### Task:
Every line from the one containing "L7 Performance Management" to the end of the data below should be copied exactly, but pictures should not.

[[ Data provided, beginning ]]

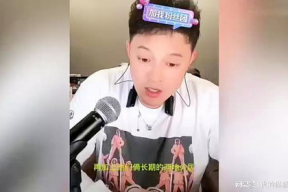 吃瓜娱乐圈神仙姐姐,吃瓜群众眼中的绝世佳人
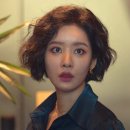 마이헤어 이미지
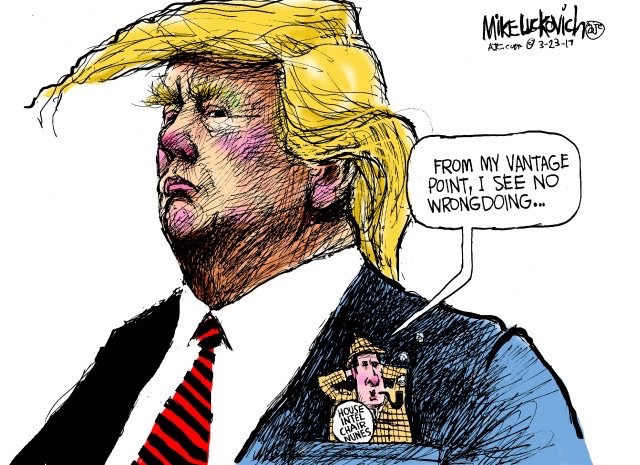 Cartoon%2BDevin%2BNunes%2BTrump%2BPocket.jpg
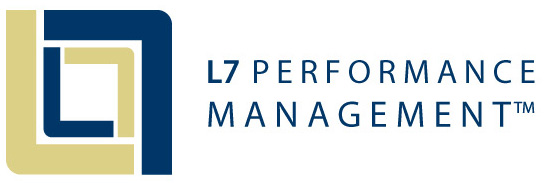 L7 Performance Management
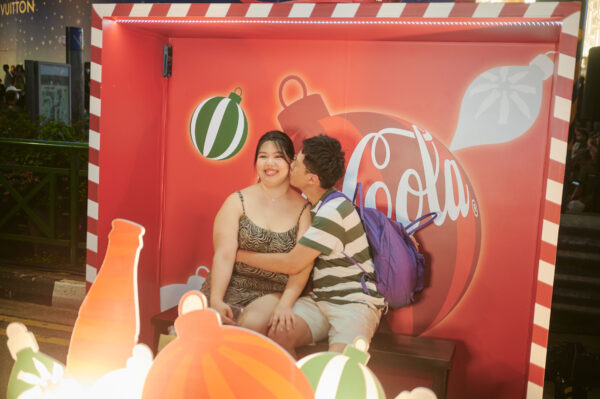 orchard-road-christmas-street-party5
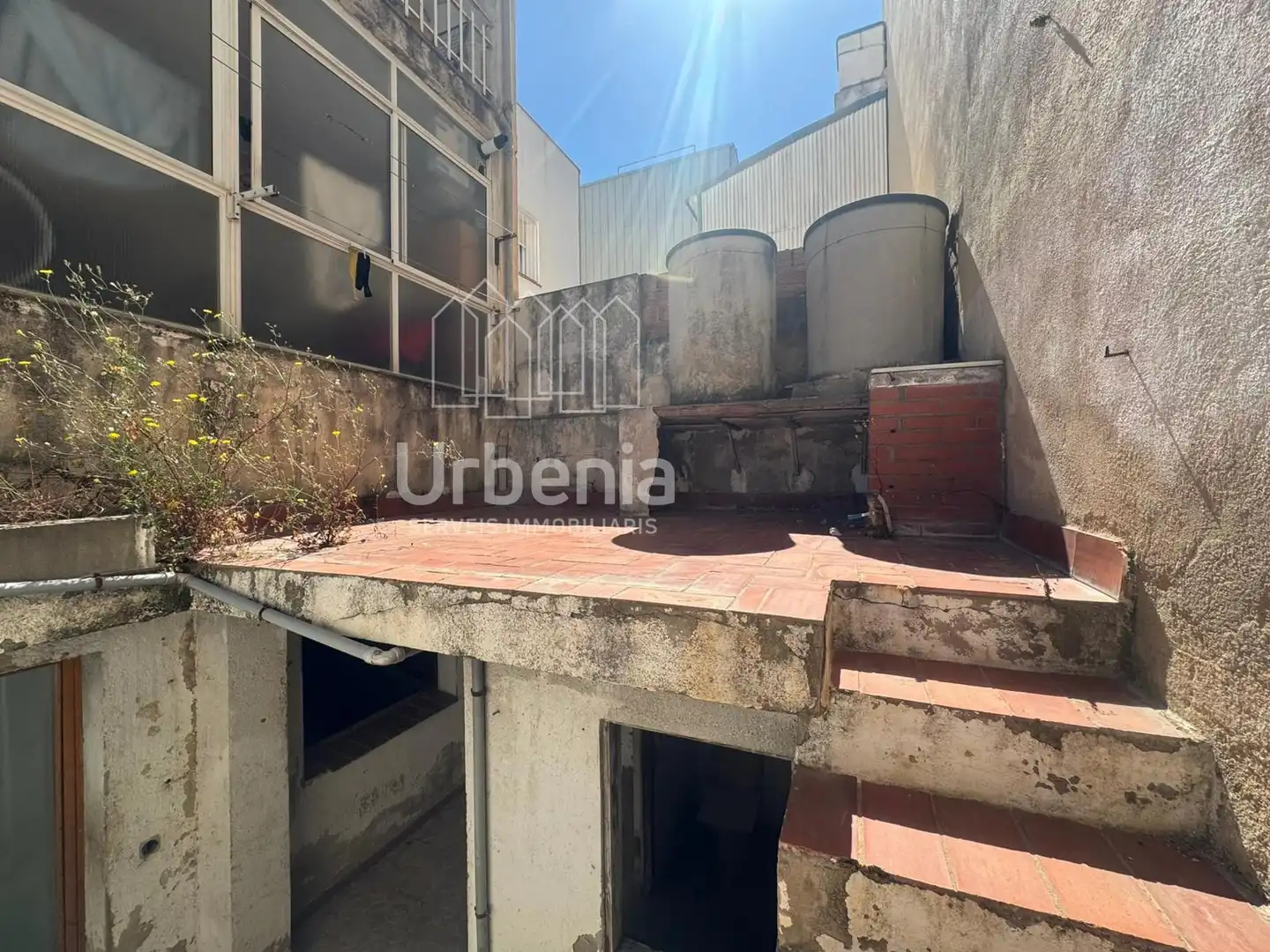 Piso en venta en Mas Muni, imagen 8
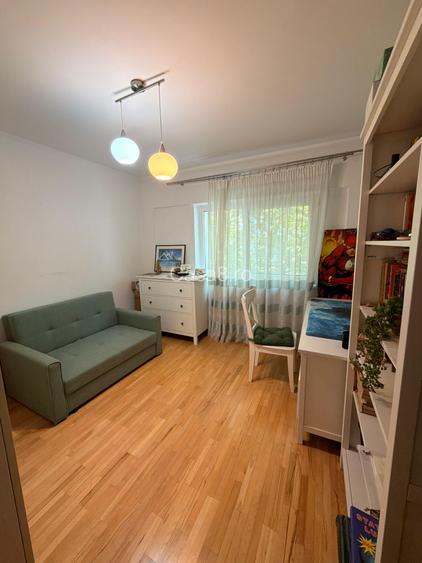 Apartament 4 Camere Decomandat | 2 balcoane | 109 mp | Bloc '98 | Salaj - 5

[[ Data provided, end ]]

### Exercise result:
 L7 Performance Management
 orchard-road-christmas-street-party5
 Piso en venta en Mas Muni, imagen 8
 Apartament 4 Camere Decomandat | 2 balcoane | 109 mp | Bloc '98 | Salaj - 5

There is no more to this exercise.